▶ The records:
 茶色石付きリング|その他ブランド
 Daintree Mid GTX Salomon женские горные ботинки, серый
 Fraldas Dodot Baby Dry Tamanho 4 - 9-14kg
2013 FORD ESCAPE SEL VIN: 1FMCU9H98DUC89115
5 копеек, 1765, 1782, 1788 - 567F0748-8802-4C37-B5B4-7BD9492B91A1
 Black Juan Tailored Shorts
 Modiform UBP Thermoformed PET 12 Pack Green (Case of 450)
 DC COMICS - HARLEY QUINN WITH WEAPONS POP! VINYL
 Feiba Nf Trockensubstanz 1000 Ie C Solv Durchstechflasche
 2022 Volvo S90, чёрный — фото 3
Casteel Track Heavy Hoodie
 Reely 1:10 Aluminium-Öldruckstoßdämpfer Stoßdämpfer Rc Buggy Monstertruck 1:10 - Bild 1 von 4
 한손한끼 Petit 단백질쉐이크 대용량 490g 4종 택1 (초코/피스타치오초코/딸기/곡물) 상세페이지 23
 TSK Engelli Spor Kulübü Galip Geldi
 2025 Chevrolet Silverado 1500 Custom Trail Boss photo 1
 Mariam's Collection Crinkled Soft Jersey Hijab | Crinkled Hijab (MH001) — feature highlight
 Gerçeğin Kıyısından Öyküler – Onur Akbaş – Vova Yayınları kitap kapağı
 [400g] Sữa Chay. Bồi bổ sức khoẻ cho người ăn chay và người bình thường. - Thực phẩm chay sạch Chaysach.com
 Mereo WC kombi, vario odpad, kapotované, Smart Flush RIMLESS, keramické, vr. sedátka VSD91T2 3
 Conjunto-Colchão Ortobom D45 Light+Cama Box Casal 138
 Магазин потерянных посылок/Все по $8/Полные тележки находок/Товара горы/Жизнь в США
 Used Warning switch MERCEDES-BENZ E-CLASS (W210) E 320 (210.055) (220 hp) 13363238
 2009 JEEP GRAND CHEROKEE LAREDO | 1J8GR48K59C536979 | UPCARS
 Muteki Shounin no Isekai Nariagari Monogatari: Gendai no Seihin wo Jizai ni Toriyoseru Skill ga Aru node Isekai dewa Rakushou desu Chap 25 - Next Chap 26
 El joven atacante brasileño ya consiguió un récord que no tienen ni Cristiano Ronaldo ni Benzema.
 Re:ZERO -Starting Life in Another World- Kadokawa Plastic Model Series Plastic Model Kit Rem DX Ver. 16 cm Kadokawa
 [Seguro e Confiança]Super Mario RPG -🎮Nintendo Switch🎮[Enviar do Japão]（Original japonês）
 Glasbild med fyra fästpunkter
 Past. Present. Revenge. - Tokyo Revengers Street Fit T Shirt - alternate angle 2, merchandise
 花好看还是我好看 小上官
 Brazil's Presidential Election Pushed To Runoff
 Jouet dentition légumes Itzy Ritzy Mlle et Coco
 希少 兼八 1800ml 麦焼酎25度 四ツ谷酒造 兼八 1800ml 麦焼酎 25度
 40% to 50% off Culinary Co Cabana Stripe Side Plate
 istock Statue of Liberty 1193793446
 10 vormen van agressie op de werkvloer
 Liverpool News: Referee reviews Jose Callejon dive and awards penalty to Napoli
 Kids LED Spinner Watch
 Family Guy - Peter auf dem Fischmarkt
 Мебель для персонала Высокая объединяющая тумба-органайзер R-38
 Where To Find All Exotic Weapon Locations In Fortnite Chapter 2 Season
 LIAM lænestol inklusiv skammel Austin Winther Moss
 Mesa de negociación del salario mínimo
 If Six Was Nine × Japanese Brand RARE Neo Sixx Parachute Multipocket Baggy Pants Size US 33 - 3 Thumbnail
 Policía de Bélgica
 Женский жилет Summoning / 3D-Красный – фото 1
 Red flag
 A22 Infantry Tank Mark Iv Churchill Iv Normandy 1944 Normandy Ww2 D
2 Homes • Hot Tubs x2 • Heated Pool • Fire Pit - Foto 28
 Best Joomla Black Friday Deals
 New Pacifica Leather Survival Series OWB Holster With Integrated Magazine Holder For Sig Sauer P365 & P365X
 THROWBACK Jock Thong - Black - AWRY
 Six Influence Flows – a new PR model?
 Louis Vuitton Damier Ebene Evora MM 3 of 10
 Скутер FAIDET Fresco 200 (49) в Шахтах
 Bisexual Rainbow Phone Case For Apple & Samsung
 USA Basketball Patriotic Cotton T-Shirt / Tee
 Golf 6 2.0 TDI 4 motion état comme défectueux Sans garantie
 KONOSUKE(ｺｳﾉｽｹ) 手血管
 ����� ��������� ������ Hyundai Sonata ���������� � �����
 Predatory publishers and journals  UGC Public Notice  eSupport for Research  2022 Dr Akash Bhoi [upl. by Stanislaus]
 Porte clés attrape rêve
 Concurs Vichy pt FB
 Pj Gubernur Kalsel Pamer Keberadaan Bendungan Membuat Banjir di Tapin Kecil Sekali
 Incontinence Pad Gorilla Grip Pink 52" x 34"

▶ Directions: Starting at the first line of the data above, please restate word for word every line up to and including the one that holds "2022 Volvo S90, чёрный — фото 3", and add nothing else.

▶ Expected answer:
 茶色石付きリング|その他ブランド
 Daintree Mid GTX Salomon женские горные ботинки, серый
 Fraldas Dodot Baby Dry Tamanho 4 - 9-14kg
2013 FORD ESCAPE SEL VIN: 1FMCU9H98DUC89115
5 копеек, 1765, 1782, 1788 - 567F0748-8802-4C37-B5B4-7BD9492B91A1
 Black Juan Tailored Shorts
 Modiform UBP Thermoformed PET 12 Pack Green (Case of 450)
 DC COMICS - HARLEY QUINN WITH WEAPONS POP! VINYL
 Feiba Nf Trockensubstanz 1000 Ie C Solv Durchstechflasche
 2022 Volvo S90, чёрный — фото 3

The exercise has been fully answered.